Será que é isso mesmo?
Participar de uma reunião pressupõe que
é a melhor forma de se conseguir chegar a uma conclusão efetiva sobre
determinado tema – decisão, superação de problema, desenvolvimento
de uma nova idéia, adoção de um processo de mudanças, e tantos
outros menos votados.
Os manuais sobre reunião existentes no
cenário de negócios são amplos – embora escassos no que diz
respeito a sua contemporaneidade – já que há pouca coisa nova nas
livrarias. A reunião pode ser vista como uma excelente oportunidade de
se conseguir informações não conhecidas por nós, e que servem de
subsídio para nossas decisões.
A reunião também é uma oportunidade de
compartilhar com pessoas que fazem parte de nosso universo produtivo
nossas percepções e visões acerca de assuntos de interesse, como
também trocar informações que possam ser agregadas a nossa
experiência.
Há um significativo número de
profissionais que criticam a reunião, a seu ver uma forma improdutiva
de tomar decisões. Percebe-se, todavia que o erro das reuniões, em
geral, não está no evento em si, mas nas atitudes que são tomadas por
seus participantes.
É essencial que reflitamos sobre a
qualidade de nossas atitudes, posturas, comportamentos antes, durante e
depois de reuniões para as quais somos convidados, ou aquelas nas quais
somos nós os geradores da necessidade, liderando e coordenando seus
trabalhos.
Vamos, em seguida, levantar alguns
aspectos que, sem dúvida, comprometem de forma significativa o
desenrolar de uma reunião que se propõe a ser produtiva:
-
Sua
necessidade real – pode ser substituída por outra forma de
decisão?
-
Seu
objetivo – há clareza quanto o que se pretende com este tipo de
instrumento?
-
Sua
finalidade – para que serve? O que vai trazer de valor agregado ao
processo produtivo?
-
Sua
oportunidade – em relação ao tema a ser discutido, o momento é
o mais adequado, há disponibilidade dos interessados (com
representatividade para participar da reunião)
-
Seu
custo – o benefício gerado pelo evento justifica o investimento
inicial – tempo, valor hora dos envolvidos, recursos?
-
Ocorrência
– qual o melhor local para se efetivar? Qual a disponibilidade de
espaço que otimize o conforto e a liberdade dos decisores?
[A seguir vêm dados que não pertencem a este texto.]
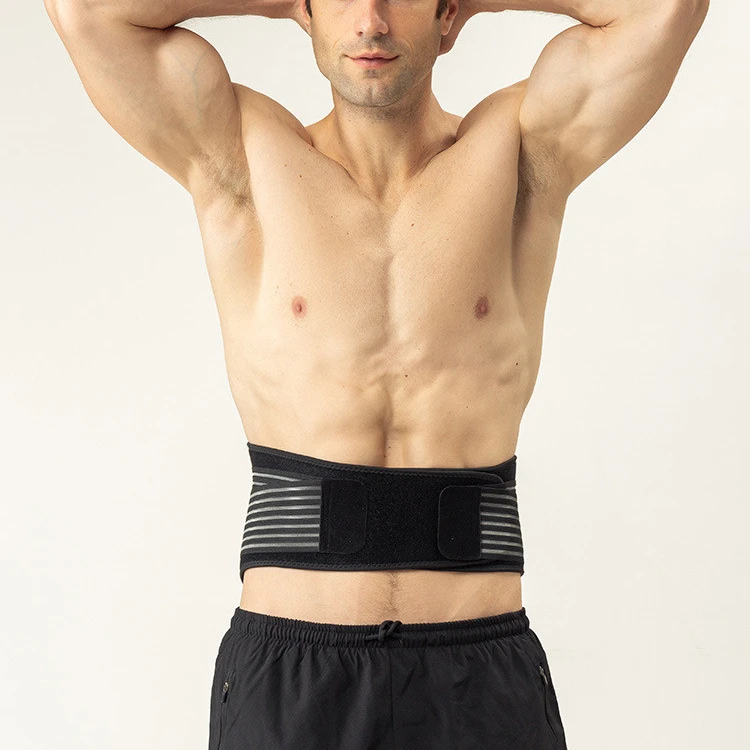 

Maiket Waist Trimmer Belt Slimming Body Sweat Weight Loss Waist Trainer Adjustable Waist Back Brace Exercise Lumbar Support for, Black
Se as questões acima forem respondidas
de forma satisfatória, não havendo dúvidas que comprometam o
resultado, acreditamos que a nossa reunião pode ser realizada.
A partir deste momento entramos no
conjunto de medidas que tornam a reunião eficaz. Não há porque
repetí-las, já que os textos existentes são pródigos em
informações sobre elas. Anexo a este artigo, estamos disponibilizando
um roteiro, com base na bibliografia de referência desse texto, que nos
ajudará a entender o ritual.
Nossa preocupação, como foi dito nos
parágrafos acima, é com nossas atitudes durante a reunião, e o
impacto que elas podem causar em seus resultados.
O primeiro desses aspectos diz respeito a
qualidade da comunicação que nos propomos a adotar em momentos de
discussão coletiva.
Qual a qualidade de nossa linguagem?
Somos capazes de desenvolver uma linguagem de resultados, ou nos
preparamos para adotar uma linguagem de estimulação:
- Ao nos dirigirmos aos demais
participantes, com o intuito de obtermos esforço para objetivos,
resultados, lucros – metas, ou concordância com nossas idéias,
usamos uma linguagem de gestão cobradora, ou nós a associamos a
uma linguagem de reconhecimento pelo envolvimento, de oportunidade
de crescimento e aperfeiçoamento, de participação nos
benefícios?
- Quando falamos de erros cometidos,
simplesmente apontamos os erros, julgando seus geradores, ou
adotamos uma linguagem de questionamento, descrevendo fatos,
orientando para resultados, provocando nos demais uma atitude de
acompanhamento de nosso raciocínio?
- Quando discutimos pontos sensíveis,
capazes de gerar desconforto e ansiedade entre os demais,
preocupamo-nos em firmar nossa posição, clarificando-a, ou
simplesmente adotando uma posição de neutralidade, sem
comprometimento ou apoio aos demais?
- Quando o assunto envolve algo com
condições de provocar algum tipo de perda ou que afete de forma
negativa os demais participantes, posicionamo-nos empaticamente, ou
colocamo-nos a margem da sensibilidade geral?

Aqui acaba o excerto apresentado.